CHANGING DEMOGRAPHICS The Kingdom’s demographics are changing fast and making more demands on the country’s finances and resources. It has a rapidly growing population of 27 million, with a third of the population under the age of 14 and high unemployment (officially 10.5–11% of the Saudi labour force, unofficially anything between 20% and 30%).
To nip similar social unrest in the bud faced by its Middle East neighbours, King Abdullah Bin Abdulaziz Al-Saud unveiled a US$130-billion stimulus package last year, which included salary hikes in the public sector, easier access to home loans, and 60,000 jobs in the Interior Ministry. This splurge has raised the country’s breakeven budget oil price to US$83-$88 — almost double to what it was three years ago.
While the country has well over US$500-billion in foreign assets reserves to cushion any financial blow, much of the US$130-billion stimulus is recurring expense, chipping away at the country’s earnings. That figure will only rise as legions of young Saudis enter the market looking for jobs over the next few decades.
IMPACT ON INTERNATIONAL MARKETS Chatham estimates show that current consumption trends in Saudi Arabia could deprive the world market of up to two million barrels per day by 2020 compared with the IEA’s supply scenario. Saudi Aramco has warned that Saudi Arabia’s crude export capacity would fall by about three mbd to under seven mbd by 2028 unless the domestic energy demand growth is checked.
Saudi Arabia’s ability to stabilize the international oil market by turning export volumes up or down would be damaged, with spare capacity used up to maintain export volumes, says Chatham.
As this spare capacity is eroded, and if other oil reserve holders such as Iran and Iraq fail to invest adequately in upstream capacity, an oil supply crunch leading to major price spikes on the world market is likely.

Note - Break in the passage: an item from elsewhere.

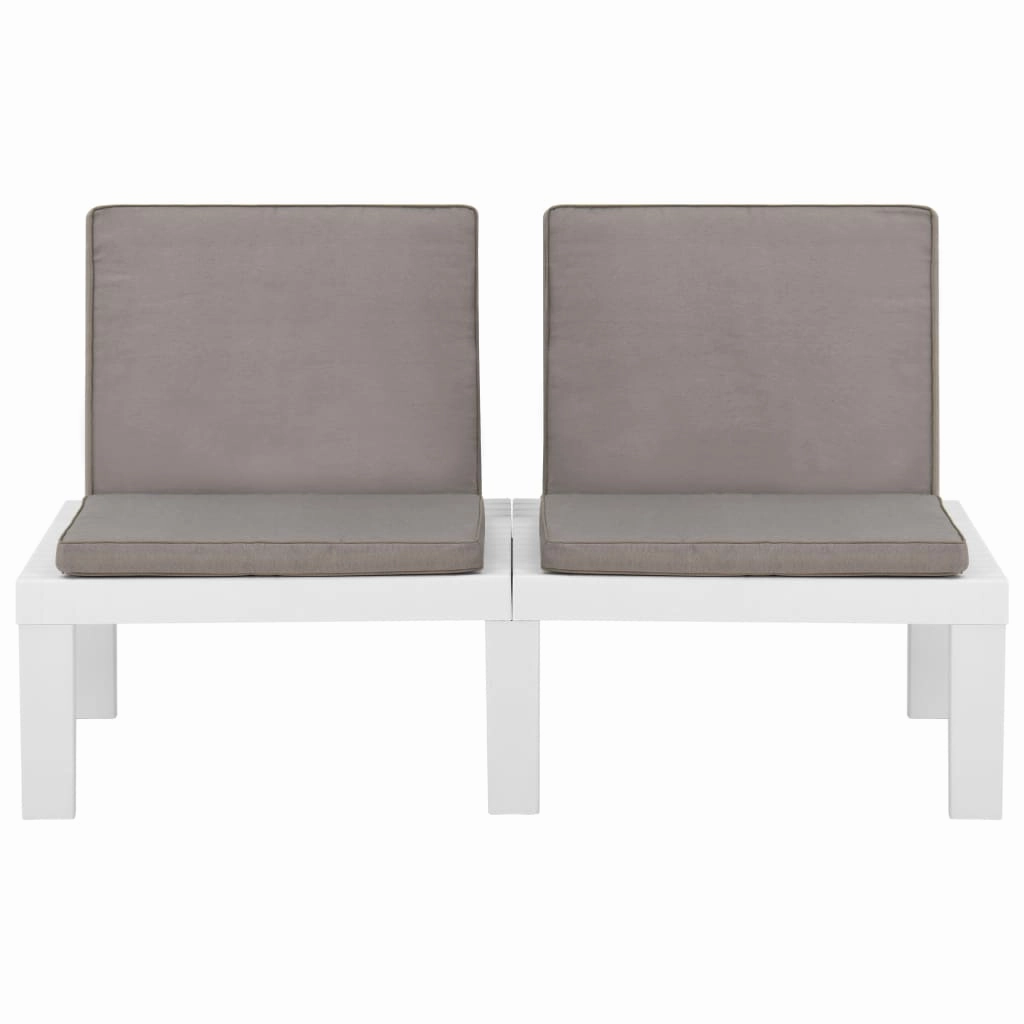 Patio Garden Bench Loveseat Outdoor 2-Seater Bench with Cushion Plastic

“While this may help oil producers balance budgets in the short term, in the longer term a dip in the oil price would be likely, followed by decline as new production comes on-stream and responsive national policies move even emerging markets away from oil. This would be even more damaging for the Saudi economy than our simulation suggests.”
To change that course, Chatham says the Saudi government should look to develop alternative energies and reduce subsidies on transport fuel — which, at 12-16 US cents per litre is one of the lowest in the world.